**Task to carry out**.
Write all of the entries out again exactly, but not the images.

--- START ---

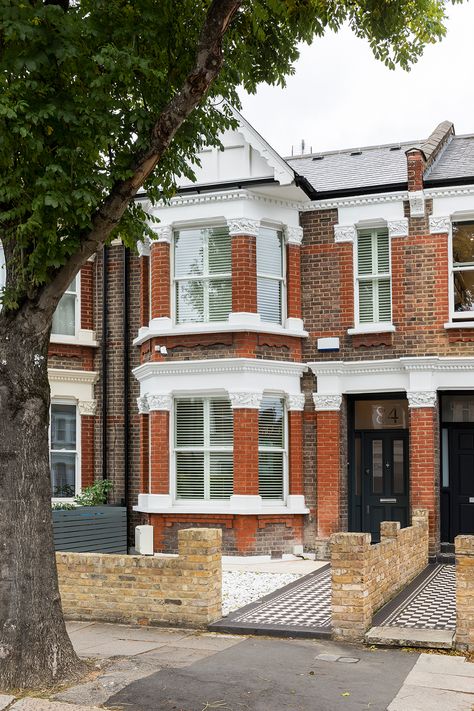 Edwardian House Kitchen, Edwardian House Exterior, Victorian House London, Edwardian House Renovation, Edwardian Terrace House, Edwardian Terrace, Home Exterior Colors Schemes, Terrace House Exterior, Edwardian Architecture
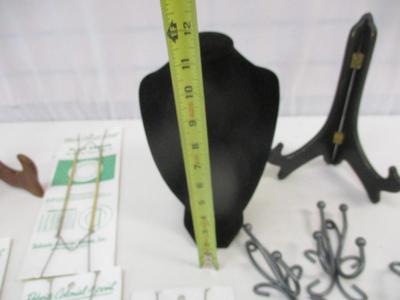 Plate Hangers Necklace Display Wall Hangers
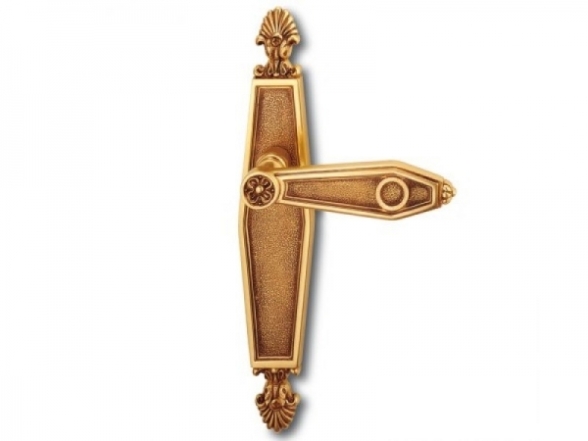 Дверные ручки на планке золото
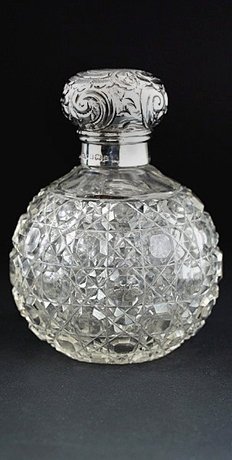 SPHERICAL CRYSTAL DRESSING TABLE SCENT PERFUME BOTTLE, SILVER TOP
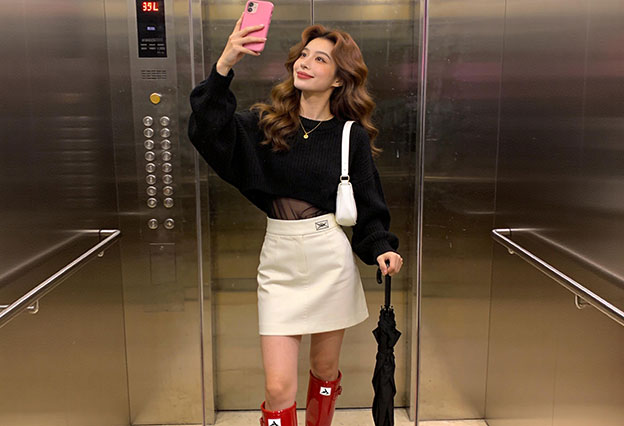 27 Summer Rainy Day Outfits That Feel Light Not Sticky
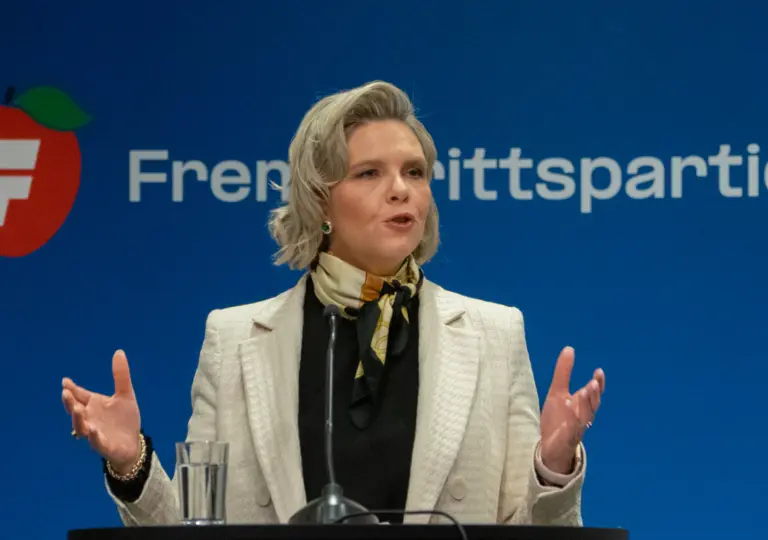 Lenke til artikkel om Hver bistandskrone er en krone mindre brukt på Forsvaret Lenke til artikkel om Hver bistandskrone er en krone mindre brukt på Forsvaret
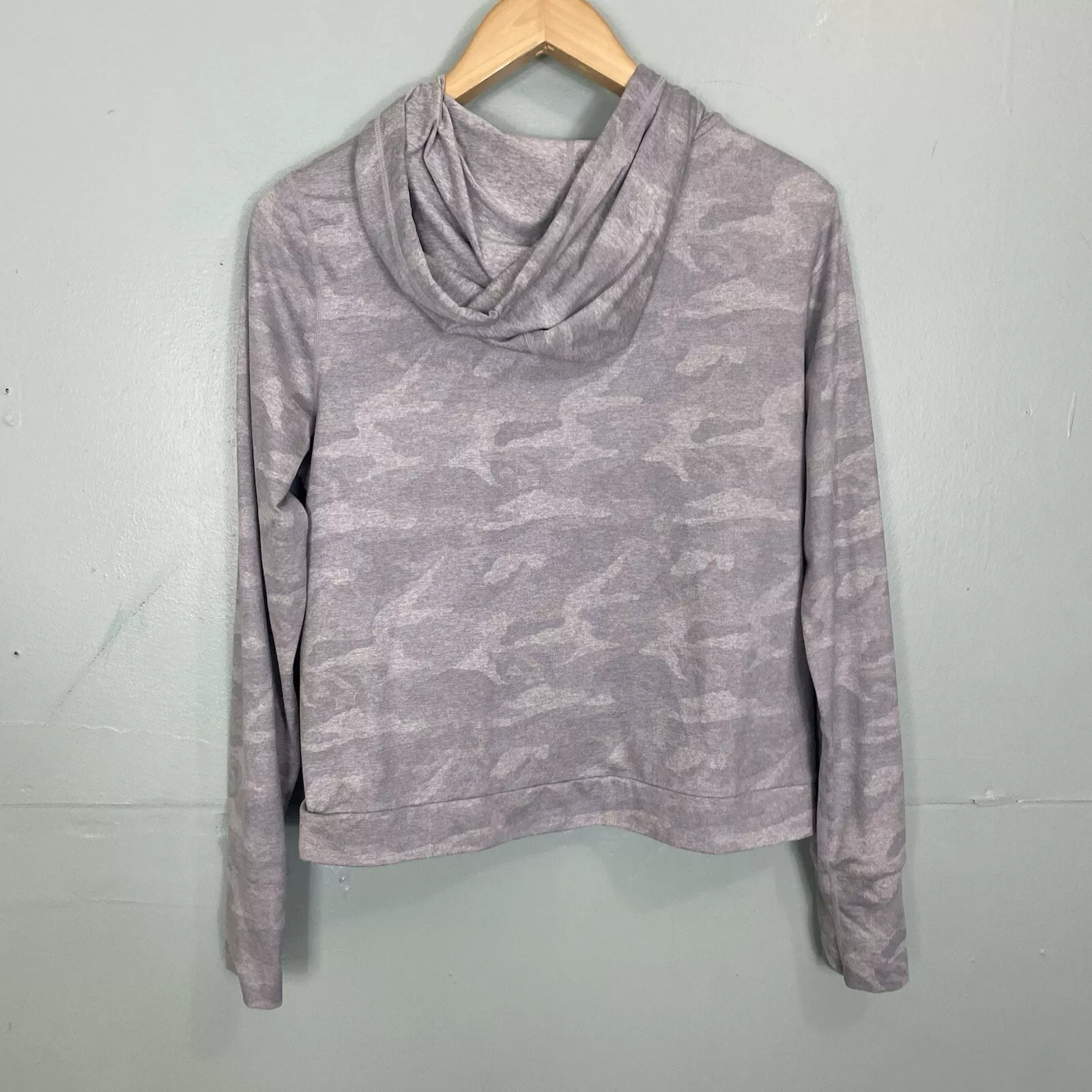 vuori halo camo hoodie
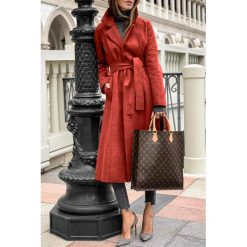 Płaszcz damski LINESA RED. Czerwone kurtki damskie IVET, na jesień, xl, w paski, eleganckie, długie, bez kaptura. W wyprzedaży za 139,00 zł.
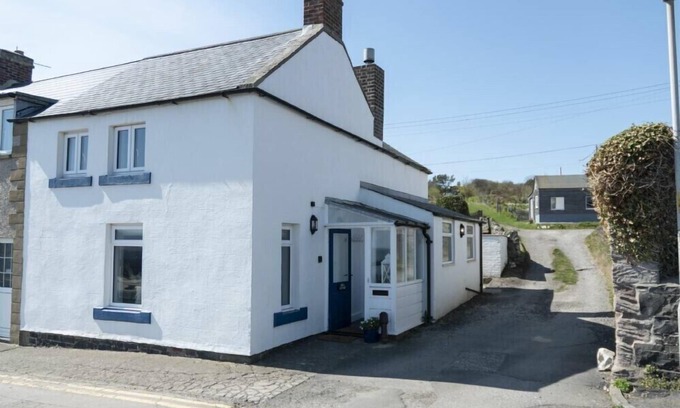 Craster Cottage | CREEL COTTAGE, CRASTER, pet friendly, with open fire in Craster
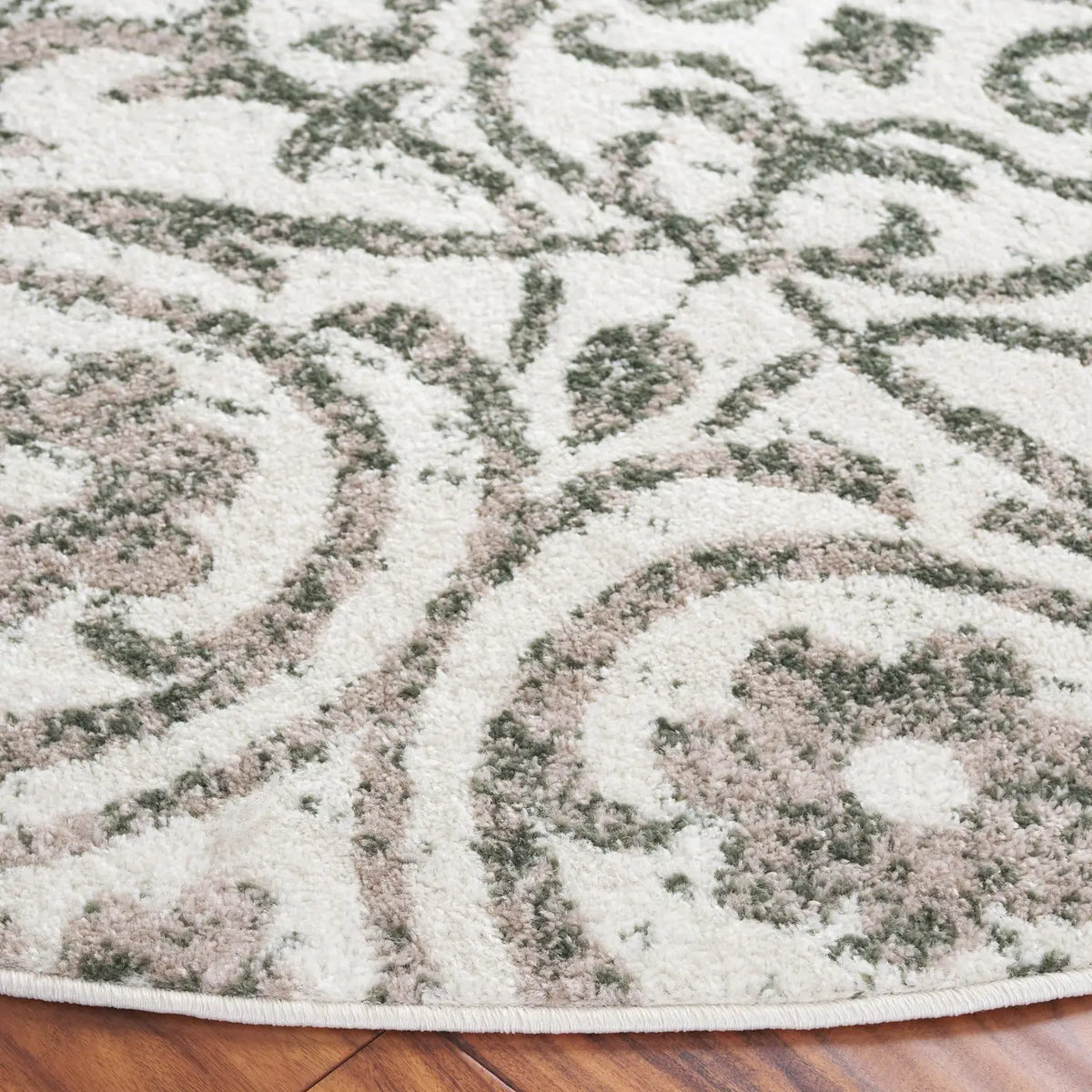 Safavieh Adirondack 6'-0" x 6'-0" Rug in Ivory / Dark Green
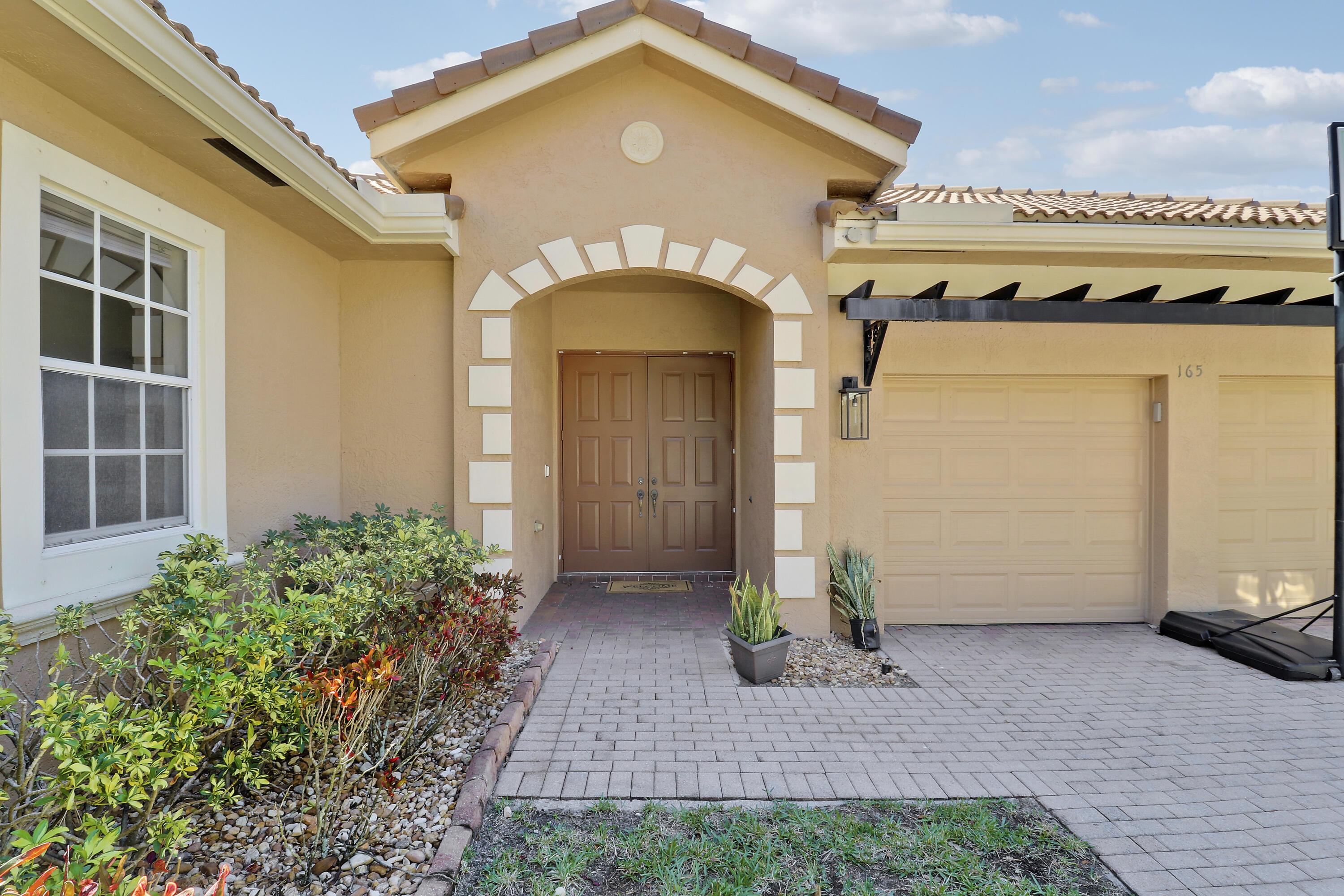 165 Via Veracruz, Jupiter, FL 33458, Jupiter - Photo 2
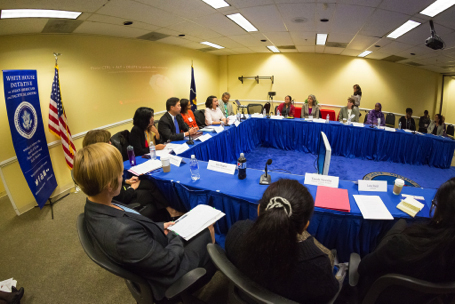 Participants at the “Low-wage and Immigrant Women’s Work: Opportunities and Challenges for Improving Salon and Domestic Work in the U.S.” briefing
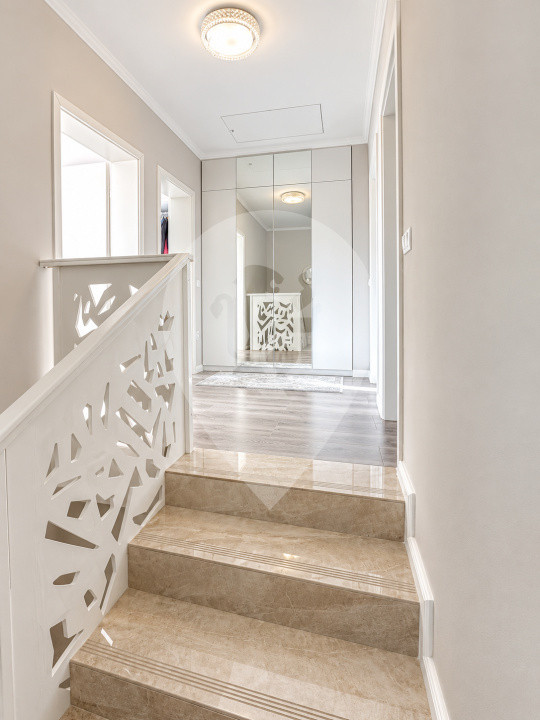 Casa tip duplex 3 camere / acces privat si parcare/ Sanpetru 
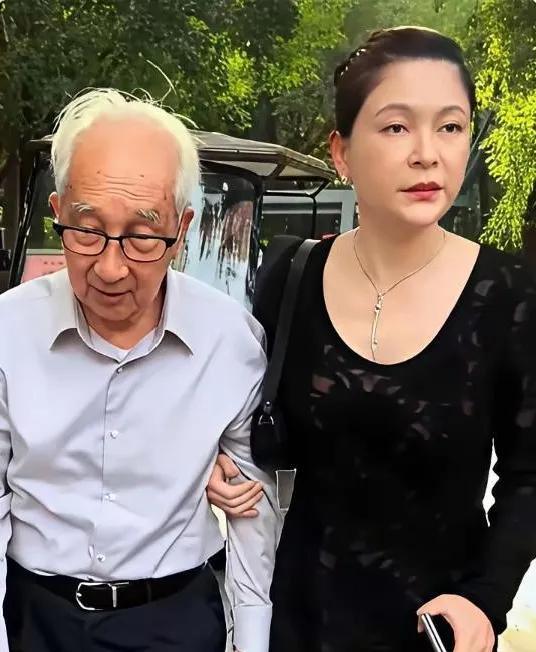 靳尚谊携小娇妻祁艳出席活动时的一幕，靳尚谊是中国油画界的泰斗，深耕写实油画，留下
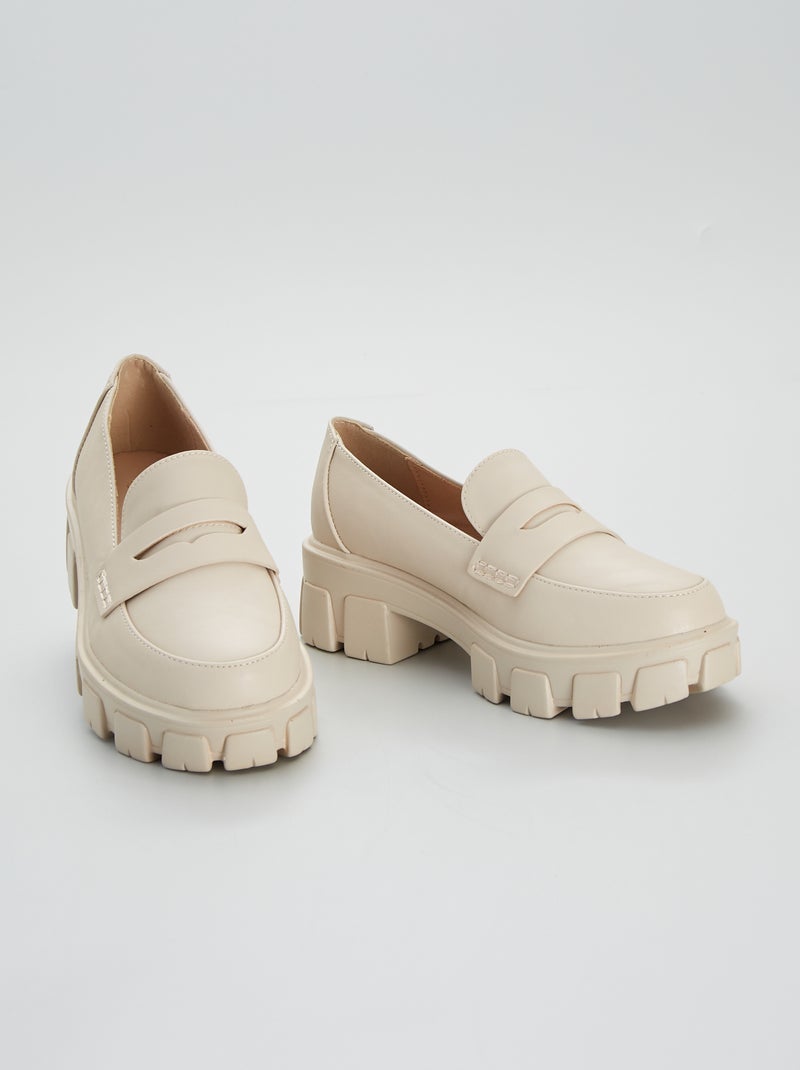 Mocassins em pele sintética com sola grossa Ecru - Kiabi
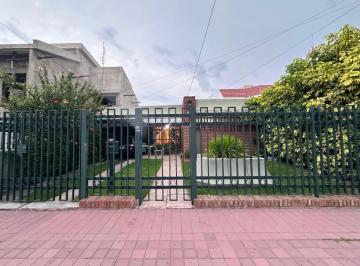 Casa de 4 ambientes, Córdoba · Casa de Categoría 4 Dorm. Barrio Poeta Lugones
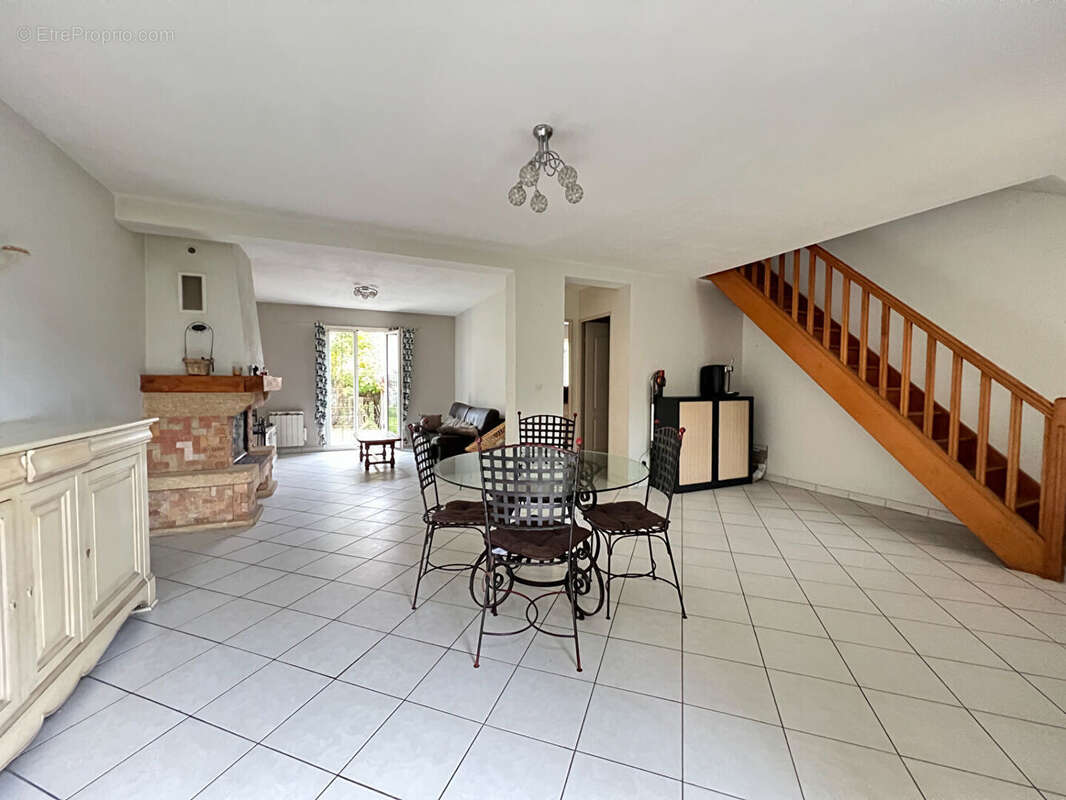 Maison à CONGIS-SUR-THEROUANNE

--- END ---

**Answer area**.
 Edwardian House Kitchen, Edwardian House Exterior, Victorian House London, Edwardian House Renovation, Edwardian Terrace House, Edwardian Terrace, Home Exterior Colors Schemes, Terrace House Exterior, Edwardian Architecture
 Plate Hangers Necklace Display Wall Hangers
 Дверные ручки на планке золото
 SPHERICAL CRYSTAL DRESSING TABLE SCENT PERFUME BOTTLE, SILVER TOP
 27 Summer Rainy Day Outfits That Feel Light Not Sticky
 Lenke til artikkel om Hver bistandskrone er en krone mindre brukt på Forsvaret Lenke til artikkel om Hver bistandskrone er en krone mindre brukt på Forsvaret
 vuori halo camo hoodie
 Płaszcz damski LINESA RED. Czerwone kurtki damskie IVET, na jesień, xl, w paski, eleganckie, długie, bez kaptura. W wyprzedaży za 139,00 zł.
 Craster Cottage | CREEL COTTAGE, CRASTER, pet friendly, with open fire in Craster
 Safavieh Adirondack 6'-0" x 6'-0" Rug in Ivory / Dark Green
 165 Via Veracruz, Jupiter, FL 33458, Jupiter - Photo 2
 Participants at the “Low-wage and Immigrant Women’s Work: Opportunities and Challenges for Improving Salon and Domestic Work in the U.S.” briefing
 Casa tip duplex 3 camere / acces privat si parcare/ Sanpetru 
 靳尚谊携小娇妻祁艳出席活动时的一幕，靳尚谊是中国油画界的泰斗，深耕写实油画，留下
 Mocassins em pele sintética com sola grossa Ecru - Kiabi
 Casa de 4 ambientes, Córdoba · Casa de Categoría 4 Dorm. Barrio Poeta Lugones
 Maison à CONGIS-SUR-THEROUANNE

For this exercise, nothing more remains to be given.